November 3, 2025 – Illinois State Treasurer Michael Frerichs is committing $50 million to fund zero-interest and low-interest loans to unpaid federal workers during the government shutdown.
The loans will be issued through participating banks and credit unions across Illinois with money made available through the Treasurer’s linked-deposit program. An estimated 153,000 federal employees live and work in Illinois.
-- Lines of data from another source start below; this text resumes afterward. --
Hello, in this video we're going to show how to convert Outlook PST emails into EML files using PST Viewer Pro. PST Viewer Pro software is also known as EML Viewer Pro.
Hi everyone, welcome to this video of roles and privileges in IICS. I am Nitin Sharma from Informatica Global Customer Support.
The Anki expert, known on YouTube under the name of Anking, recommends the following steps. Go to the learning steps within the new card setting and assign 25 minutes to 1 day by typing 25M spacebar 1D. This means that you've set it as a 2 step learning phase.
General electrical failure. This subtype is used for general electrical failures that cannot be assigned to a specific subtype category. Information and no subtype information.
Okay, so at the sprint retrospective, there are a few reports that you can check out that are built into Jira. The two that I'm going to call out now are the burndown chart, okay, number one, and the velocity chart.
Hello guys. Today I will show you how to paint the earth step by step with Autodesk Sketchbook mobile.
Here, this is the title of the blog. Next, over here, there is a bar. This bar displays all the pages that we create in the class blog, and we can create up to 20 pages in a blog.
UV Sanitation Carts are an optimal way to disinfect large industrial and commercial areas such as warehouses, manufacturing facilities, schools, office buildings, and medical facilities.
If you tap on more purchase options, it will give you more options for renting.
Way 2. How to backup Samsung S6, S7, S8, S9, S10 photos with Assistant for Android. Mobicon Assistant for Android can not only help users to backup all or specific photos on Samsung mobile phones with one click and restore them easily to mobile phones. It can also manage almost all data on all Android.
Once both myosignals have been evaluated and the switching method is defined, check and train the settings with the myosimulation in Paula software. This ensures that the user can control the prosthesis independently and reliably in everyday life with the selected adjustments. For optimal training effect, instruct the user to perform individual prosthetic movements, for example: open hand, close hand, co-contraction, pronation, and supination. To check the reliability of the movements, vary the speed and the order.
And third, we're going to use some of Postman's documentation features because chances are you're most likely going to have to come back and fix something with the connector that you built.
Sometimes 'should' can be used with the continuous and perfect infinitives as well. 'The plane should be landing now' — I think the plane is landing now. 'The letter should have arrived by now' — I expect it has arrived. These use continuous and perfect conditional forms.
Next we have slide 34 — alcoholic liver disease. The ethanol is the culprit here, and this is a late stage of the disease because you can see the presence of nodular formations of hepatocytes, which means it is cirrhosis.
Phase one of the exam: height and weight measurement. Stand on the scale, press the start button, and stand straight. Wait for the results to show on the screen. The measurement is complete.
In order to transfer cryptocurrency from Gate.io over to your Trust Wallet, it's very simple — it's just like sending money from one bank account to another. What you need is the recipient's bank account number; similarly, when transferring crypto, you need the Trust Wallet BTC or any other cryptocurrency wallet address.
It is uncertain how many are not receiving their salaries since Oct. 1, when the shutdown began.
“It is truly disheartening that a D.C. dispute over the right to affordable health care has reached a point where the federal government has locked out some workers and forced others to continue working without pay,” Frerichs said. “Our no-interest loan program aims to provide much-needed relief to workers, ensuring they can feed their families, pay their mortgage, and stay current with electric and water bills.”
Here’s how the no-interest loan program works: The Illinois Treasurer deposits money in financial institutions for the specific purpose of helping unpaid federal workers. In turn, the financial institutions loan that money to federal workers at below-market rates. The Treasurer’s Office will deposit money at 0.01 percent if the financial institution agrees to loan out the money to federal workers at zero percent. Other rates might also be available. Specific rates and terms of eligibility will vary by financial institution.
“Using federal employees and their families as political leverage is just plain wrong,” Frerichs said. “Despite the significant disagreements on difficult issues we must acknowledge that federal workers are public servants and should not be punished during this impasse.”
Financial institutions interested in participating in the Federal Workers Emergency Loan Program must become an approved depository. Interested parties are encouraged to contact the Treasurer’s Office at investinillinois@illinoistreasurer.gov.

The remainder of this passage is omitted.